2 Replies Latest reply on Jul 17, 2012 12:03 PM by mcipperly

    mod_cluster reports 1 load using AverageSystemLoadMetric

    mcipperly

      Hi All,

       

      First of all, thanks very much for the hard work and great product in mod_cluster! I've used it in several deployments at this point and think it's a testament to the quality (and excellent documentation, in manuals and here with the community) that this is my first time having to reach out after hitting an issue.

       

      We're seeing a very strange issue with mod_cluster in one of our environments. Our current configuration is as follows:

       

      Web Front-end: Apache httpd 2.2.22 on Solaris 10

      JBoss Back-end: JBoss EAP 5.1.0 on Solaris 10, Java 1.6.0_24

      Mod_cluster: We've tried versions 1.2.0-Final and 1.2.1-Final with varying degrees of success, which I'll detail in a bit

       

      We do have multiple environments, a pre-production/staging environment which is configured exactly as production (as far as I can tell, definitely including the versions above) and our production environment. We first implemented mod_cluster in our pre-production environment with the following three metrics configured in mod_cluster-jboss-beans.xml:

       

                <inject bean="ActiveSessionsLoadMetric"/>

                <inject bean="AverageSystemLoadMetric"/>

                <inject bean="HeapMemoryUsageLoadMetric"/>

       

      We configured ActiveSessionsLoadMetric with a weight of 1, HeapMemoryUsageLoadMetric with a weight of 2, and ActiveSessionsLoadMetric with a weight of 3 (so this should be half of our total metric, with heap usage being ~33% and active sessions being ~16%). In the pre-production environment, this configuration gave us exactly what we wanted - load averages across our backend servers were consistent and no individual JVM ended up going crazy. We'd get a real number for our Load on the status page, and saw this when under load with tracing in our JBoss logs:

       

      2012-06-15 14:57:48,249 TRACE [org.jboss.modcluster.mcmp.impl.DefaultMCMPHandler] (ContainerBackgroundProcessor[StandardEngine[jboss.web]]) Sending command [org.jboss.modcluster.mcmp.impl.DefaultMCMPRequest{requestType=STATUS,wildcard=false,jvmRoute=staging-10com,parameters={Load=49}}] to proxy [web01/10.0.1.1:9000]

       

      However, when we tried to install this in our production environment, we saw strange behavior; on the mod_cluster status page, the Load was constantly reading back as -1. At this point, we were using mod_cluster 1.2.0-Final.
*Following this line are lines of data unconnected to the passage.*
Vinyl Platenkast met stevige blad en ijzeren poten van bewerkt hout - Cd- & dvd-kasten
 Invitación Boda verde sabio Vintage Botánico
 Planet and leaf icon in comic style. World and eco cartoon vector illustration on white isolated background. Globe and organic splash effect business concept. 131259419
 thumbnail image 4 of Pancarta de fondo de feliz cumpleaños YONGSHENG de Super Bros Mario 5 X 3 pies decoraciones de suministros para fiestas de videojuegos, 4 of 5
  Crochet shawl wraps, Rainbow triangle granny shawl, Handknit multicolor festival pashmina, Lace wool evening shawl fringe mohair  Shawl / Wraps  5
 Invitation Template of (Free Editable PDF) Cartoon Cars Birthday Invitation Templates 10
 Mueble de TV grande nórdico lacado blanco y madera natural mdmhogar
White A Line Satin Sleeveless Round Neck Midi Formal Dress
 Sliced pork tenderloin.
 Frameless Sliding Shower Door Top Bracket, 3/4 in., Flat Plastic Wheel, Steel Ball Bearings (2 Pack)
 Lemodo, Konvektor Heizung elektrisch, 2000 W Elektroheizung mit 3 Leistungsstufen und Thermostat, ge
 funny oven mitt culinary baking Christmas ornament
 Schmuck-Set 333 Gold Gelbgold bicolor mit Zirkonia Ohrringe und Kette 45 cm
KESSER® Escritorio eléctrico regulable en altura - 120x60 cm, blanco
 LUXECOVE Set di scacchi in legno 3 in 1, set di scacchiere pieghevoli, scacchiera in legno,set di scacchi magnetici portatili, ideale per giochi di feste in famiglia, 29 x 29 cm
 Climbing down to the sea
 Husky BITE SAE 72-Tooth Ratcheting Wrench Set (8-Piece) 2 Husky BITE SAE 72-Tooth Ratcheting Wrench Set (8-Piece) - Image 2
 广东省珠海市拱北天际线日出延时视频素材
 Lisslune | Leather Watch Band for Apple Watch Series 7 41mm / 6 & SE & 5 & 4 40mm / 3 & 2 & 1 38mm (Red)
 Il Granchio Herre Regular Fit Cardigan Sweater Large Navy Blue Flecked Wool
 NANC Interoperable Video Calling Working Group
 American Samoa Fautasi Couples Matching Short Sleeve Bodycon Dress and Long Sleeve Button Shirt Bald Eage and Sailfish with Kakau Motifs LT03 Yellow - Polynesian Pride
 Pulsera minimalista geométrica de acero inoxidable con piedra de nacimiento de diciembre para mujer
Once this started happening and after some investigation, it looked like this was happening because mod_cluster was sending a zero load metric to Apache (after sending the initial -1 during server startup) at all times (even under load, if load was sent directly at the server bypassing the web layer or if we bumped load averages on the server up to 30~40 using do-nothing perl scripts), which caused Apache to continue to report -1 load and not send traffic to this server based on https://issues.jboss.org/browse/MODCLUSTER-279 . Here's the excerpt from the logs:

       

      2012-06-15 15:26:44,870 TRACE [org.jboss.modcluster.mcmp.impl.DefaultMCMPHandler] (ContainerBackgroundProcessor[StandardEngine[jboss.web]]) Sending command [org.jboss.modcluster.mcmp.impl.DefaultMCMPRequest{requestType=STATUS,wildcard=false,jvmRoute=app01-10com,parameters={Load=0}}] to proxy [prdweb01/10.200.0.11:9000]

       

      After upgrading to mod_cluster 1.2.1, we did see the "sending zero load" behavior go away as we'd hoped, but instead saw the above with a continuous load of 1 the whole time (which is what it should do based on the above MODCLUSTER-279). If we take out the AverageSystemLoadMetric, we do see valid/expected values being sent forward in the STATUS messages. I've checked that the environment does return valid values for the Java method getSystemLoadAverage(). At this point, I'm not too sure where else we should look and wanted to check in with the community to see if there's any thoughts on what could be causing this before trying to dive into the mod_cluster code to debug. The fact that it's happening in one of our environments but not the other does have me somewhat perplexed, and I've tried to check everything plausible and relevant (JVM parameters, classpath, etc..), though if there's anything that *could* cause this which would be related to any of the aformentioned paramaters, I'm definitely willing to check it out again. If there's any additional logs or configurations which would help too, I'd be glad to provide.

       

      Thanks again!